##### EXTRACTED DATA #####

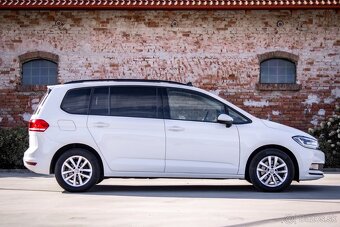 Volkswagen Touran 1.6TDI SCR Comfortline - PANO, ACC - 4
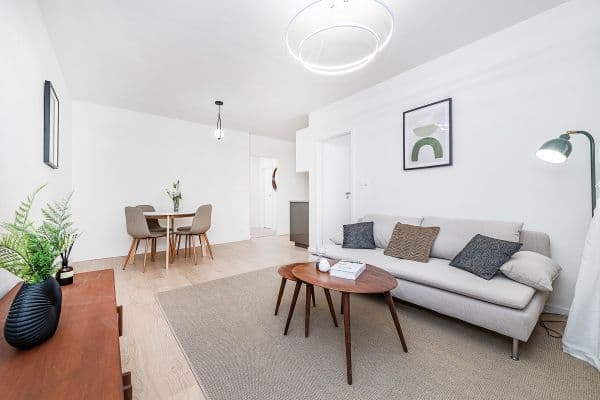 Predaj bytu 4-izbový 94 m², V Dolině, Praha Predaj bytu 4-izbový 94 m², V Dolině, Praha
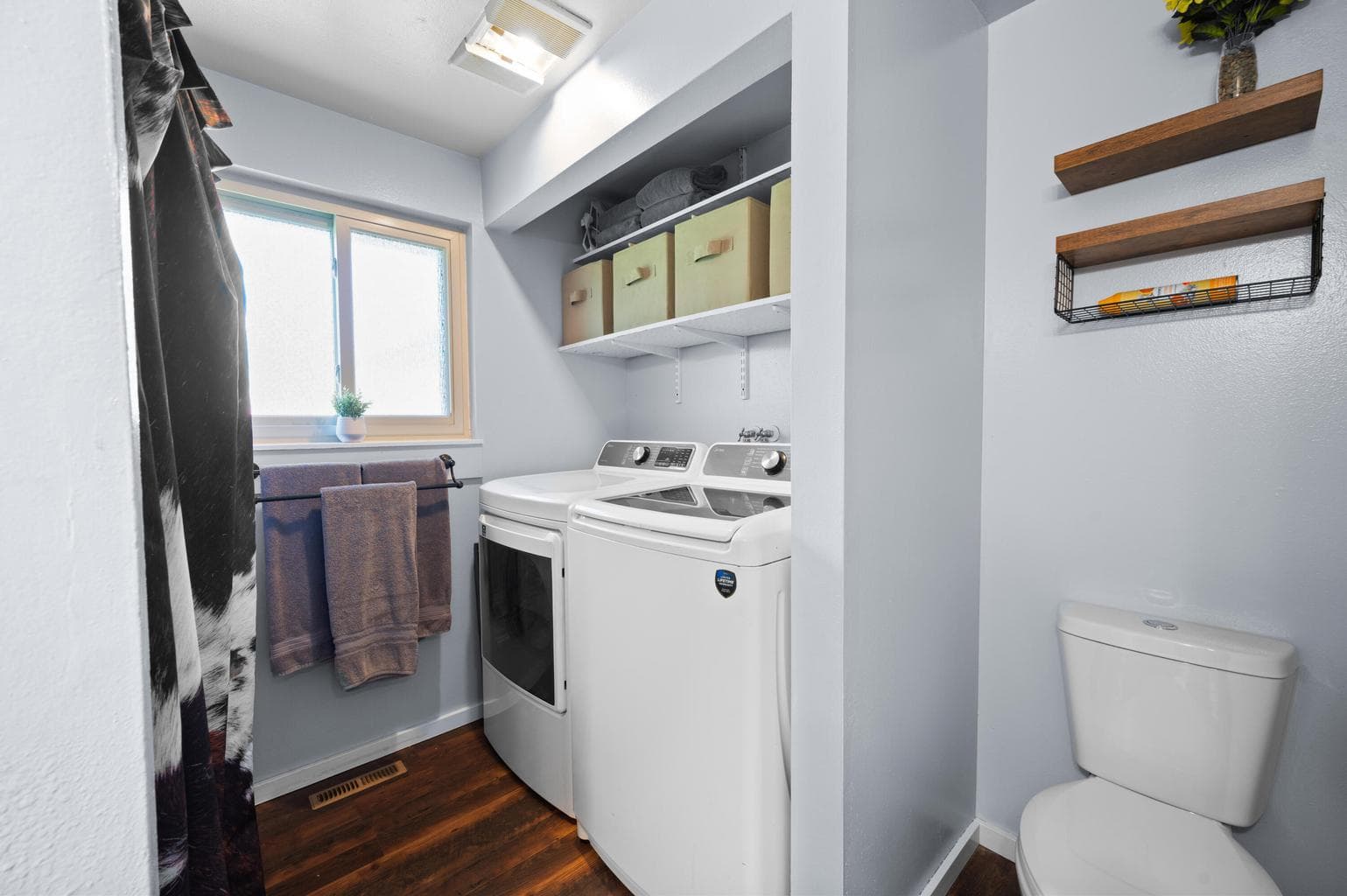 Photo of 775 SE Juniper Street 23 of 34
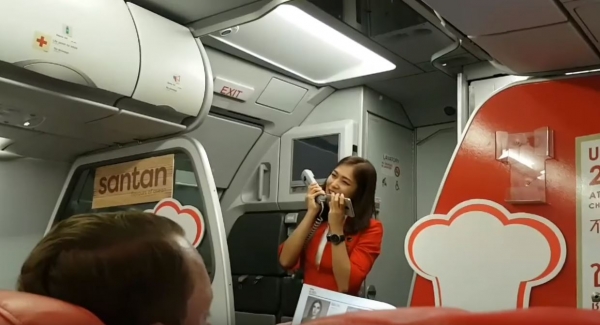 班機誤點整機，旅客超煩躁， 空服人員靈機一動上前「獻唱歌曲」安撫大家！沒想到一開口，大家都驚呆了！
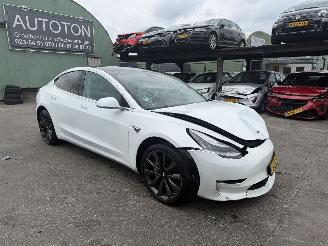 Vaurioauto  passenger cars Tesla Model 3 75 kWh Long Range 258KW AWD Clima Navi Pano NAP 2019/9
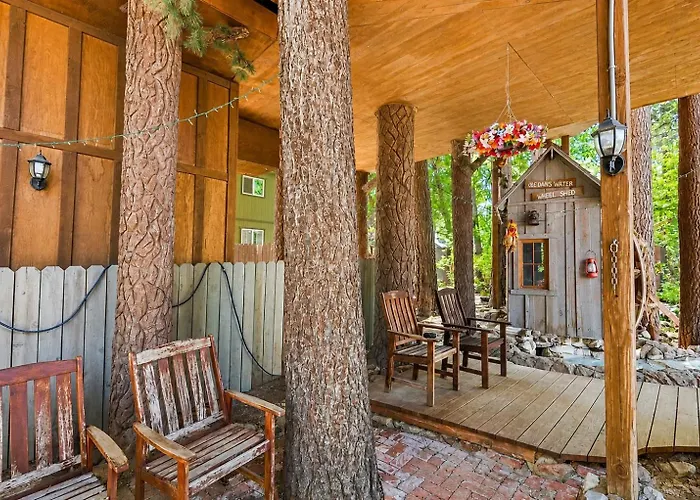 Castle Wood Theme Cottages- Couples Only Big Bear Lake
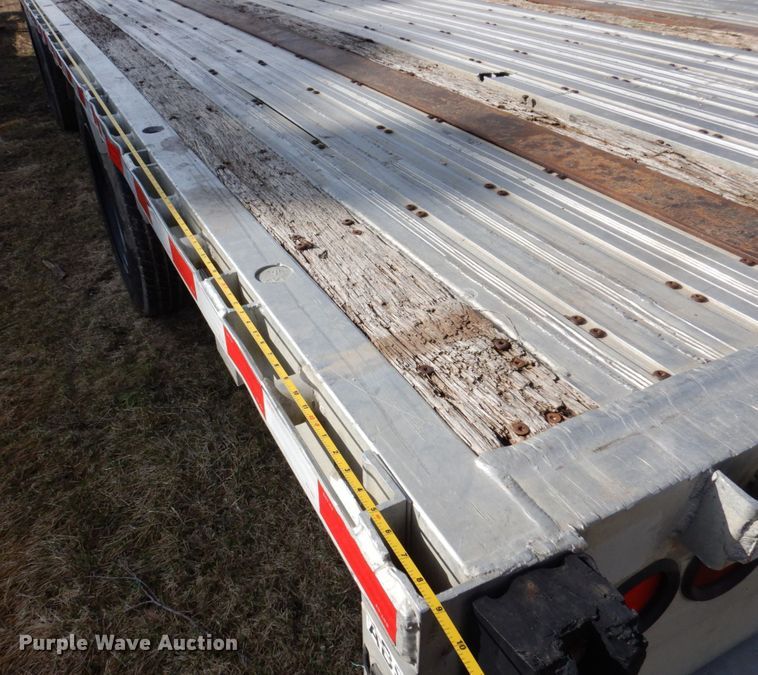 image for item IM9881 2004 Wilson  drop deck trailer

#####

• WORK INSTRUCTION
Only the text of the records belongs in your answer, repeated exactly; the pictures stay out.

• ANSWER TO THE PROBLEM
 Volkswagen Touran 1.6TDI SCR Comfortline - PANO, ACC - 4
 Predaj bytu 4-izbový 94 m², V Dolině, Praha Predaj bytu 4-izbový 94 m², V Dolině, Praha
 Photo of 775 SE Juniper Street 23 of 34
 班機誤點整機，旅客超煩躁， 空服人員靈機一動上前「獻唱歌曲」安撫大家！沒想到一開口，大家都驚呆了！
 Vaurioauto  passenger cars Tesla Model 3 75 kWh Long Range 258KW AWD Clima Navi Pano NAP 2019/9
 Castle Wood Theme Cottages- Couples Only Big Bear Lake
 image for item IM9881 2004 Wilson  drop deck trailer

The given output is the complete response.